Shares of NIO (NIO -3.77%) fell 37.1% in May, according to data from S&P Global Market Intelligence. The Chinese maker of electric vehicles saw its stock lose ground following increasing U.S-China trade tensions and first-quarter results that fell short of expectations, along with guidance suggesting a continued slowdown for the company's vehicle shipments.
NIO reported earnings on May 28, with sales for the period falling 54.6% on a local-currency basis to land at roughly $228.8 million. Total revenue for the period came in at $243.1 million, and the company posted a net loss of roughly $390 million. The company delivered 3,989 ES8 vehicles in the quarter, ahead of its target, but down substantially from the 7,980 vehicles delivered in Q4.
In conjunction with its first-quarter earnings release, the company announced that it had delayed the launch of its recently unveiled electric sedan in order to build it on a new technology platform. NIO also announced that it would put its plans to enter the U.S. market in 2020 on hold.
NIO had its initial public offering in September, pricing its American depositary shares at $6.26. Shares spiked not long after the debut, climbing as high as $13.80 thanks to excitement surrounding the growth prospects for electric cars in the Chinese market.

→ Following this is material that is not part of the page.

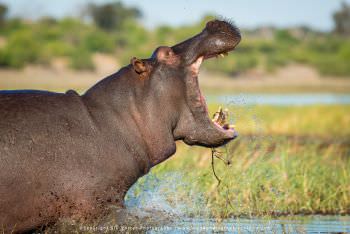 Hippo yawning. Chobe River Photography Botswana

However, an escalation of trade tensions depressed shares and caused the stock to end the year virtually in line with its IPO price. Shareholders then got additional bad news in March when the country's government announced that it would reduce subsidies for electric vehicles. This development prompted steep sell-offs for the stock, and with trade issues persisting and the slowdown for ES8 deliveries, there hasn't been much good news to help its share price recover in the subsequent months.
Sell-offs for NIO have continued in June, with shares trading down roughly 8% in the month so far.
The company posted vehicle sales numbers for May on June 4, announcing that it had delivered 1,089 of its ES8 vehicles in the month and 2,213 ES8s across the first two months of the current quarter. Barring a substantial sales uptick in June, this puts the company's second-quarter vehicle deliveries on track to come in significantly below its vehicle shipments in Q1.
NIO is valued at roughly $2.85 billion, and shares trade at roughly 1.5 times this year's expected sales. That might look pretty cheap. However, automotive manufacturing is highly capital intensive, vehicle sales are heading in the wrong direction, and NIO is a young business in its early growth stages, so the company will likely continue to post big losses in the near term.